I am writing this not to impose answers, but simply to share a vision – one that others may find illuminating, provocative, or perhaps even troubling.
A Call to See Differently
Why write this now? I got a little time on my hands… And because the world’s illusions are bigger and more pervasive than ever. We are sold identities which trap us in consumer loops. Politics demands allegiance to failing systems. Meaning is outsourced to algorithms. I feel compelled to get this stuff out there, not because I have all or in fact any of the answers, I want to keep some notes on the circuses I see and capture any revelations—not just for myself, but for you, whomever you might be, should you find them of any worth.

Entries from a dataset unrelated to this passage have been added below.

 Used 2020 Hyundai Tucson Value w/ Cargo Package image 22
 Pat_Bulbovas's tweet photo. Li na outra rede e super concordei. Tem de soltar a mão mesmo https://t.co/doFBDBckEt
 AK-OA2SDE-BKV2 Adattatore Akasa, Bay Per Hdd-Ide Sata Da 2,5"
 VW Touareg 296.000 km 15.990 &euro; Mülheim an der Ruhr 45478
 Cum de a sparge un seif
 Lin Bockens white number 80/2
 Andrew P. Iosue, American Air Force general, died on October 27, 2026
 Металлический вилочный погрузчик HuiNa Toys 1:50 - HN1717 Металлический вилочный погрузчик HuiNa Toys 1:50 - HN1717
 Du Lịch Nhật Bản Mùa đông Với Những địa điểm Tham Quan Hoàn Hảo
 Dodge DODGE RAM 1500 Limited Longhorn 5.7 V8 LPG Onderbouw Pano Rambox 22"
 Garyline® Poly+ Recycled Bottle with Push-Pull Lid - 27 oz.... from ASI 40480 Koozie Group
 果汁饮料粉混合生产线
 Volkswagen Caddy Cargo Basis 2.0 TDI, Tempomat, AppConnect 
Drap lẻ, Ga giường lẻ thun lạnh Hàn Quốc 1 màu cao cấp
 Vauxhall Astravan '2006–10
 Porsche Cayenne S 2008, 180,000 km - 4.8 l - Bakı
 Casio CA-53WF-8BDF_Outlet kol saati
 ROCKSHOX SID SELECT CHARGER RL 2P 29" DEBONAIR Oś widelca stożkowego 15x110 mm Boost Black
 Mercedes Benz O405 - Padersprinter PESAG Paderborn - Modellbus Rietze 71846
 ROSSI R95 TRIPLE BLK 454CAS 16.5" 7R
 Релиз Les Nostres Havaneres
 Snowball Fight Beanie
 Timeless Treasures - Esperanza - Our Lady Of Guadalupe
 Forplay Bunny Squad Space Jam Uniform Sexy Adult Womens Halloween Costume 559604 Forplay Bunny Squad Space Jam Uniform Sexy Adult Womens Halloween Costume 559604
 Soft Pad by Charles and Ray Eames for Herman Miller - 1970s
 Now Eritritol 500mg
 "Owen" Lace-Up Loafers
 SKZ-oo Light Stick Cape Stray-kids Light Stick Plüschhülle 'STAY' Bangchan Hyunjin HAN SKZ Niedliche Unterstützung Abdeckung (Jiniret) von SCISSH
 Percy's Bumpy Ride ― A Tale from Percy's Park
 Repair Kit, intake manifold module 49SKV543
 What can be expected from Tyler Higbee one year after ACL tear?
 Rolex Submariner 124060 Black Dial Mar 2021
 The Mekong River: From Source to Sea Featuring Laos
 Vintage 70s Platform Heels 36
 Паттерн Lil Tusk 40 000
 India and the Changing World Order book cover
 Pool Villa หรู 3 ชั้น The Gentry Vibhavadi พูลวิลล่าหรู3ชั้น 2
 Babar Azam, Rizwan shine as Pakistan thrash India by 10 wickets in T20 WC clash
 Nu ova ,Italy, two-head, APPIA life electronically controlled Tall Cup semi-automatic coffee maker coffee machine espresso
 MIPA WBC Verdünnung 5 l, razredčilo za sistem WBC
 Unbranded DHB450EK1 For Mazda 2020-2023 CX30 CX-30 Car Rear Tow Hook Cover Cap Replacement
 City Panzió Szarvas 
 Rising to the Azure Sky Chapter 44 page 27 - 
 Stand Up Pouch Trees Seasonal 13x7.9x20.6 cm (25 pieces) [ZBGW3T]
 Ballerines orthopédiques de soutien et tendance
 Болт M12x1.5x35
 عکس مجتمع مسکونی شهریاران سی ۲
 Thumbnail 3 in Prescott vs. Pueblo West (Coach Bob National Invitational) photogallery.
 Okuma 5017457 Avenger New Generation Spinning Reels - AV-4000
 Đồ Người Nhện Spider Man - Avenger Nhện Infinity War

If you begin to strip away the illusions the world has sold you about who you are, what might you be left with?
There's a babe in the arms of a woman in a rage
And a longtime golden-haired stripper on stage
And she winds back the clock and she turns back the page
Of a book that nobody can write
Oh, where are you tonight? 
(‘Where Are You Tonight? (Journey Through Dark Heat’, Bob Dylan, 1978)
For the Curious
William Blake’s line comes from his ‘Jerusalem: The Emanation of the Giant Albion’, which you can find in Complete Writings (edited by Geoffrey Keynes, 1966) - my go-to for Blake’s wild, visionary words.
The Dylan quote’s from ‘Where Are You Tonight? (Journey Through Dark Heat)’ on Street-Legal (1978) - a song that’s haunted me since I first heard it.
Anthony Scaduto’s Bob Dylan (1972) was an early peek into Dylan’s world—gritty and real, worth a flip-through.
‘Career Opportunities’ by The Clash (Joe Strummer and Mick Jones) is off their debut album The Clash - pure punk fuel from my teenage years in Romford.
For more on Dylan and Christian anarchism, check out The Political World of Bob Dylan: Freedom and Justice, Power and Sin by Jeff Taylor and Chad Israelson - stumbled on it during my doctorate and it stuck.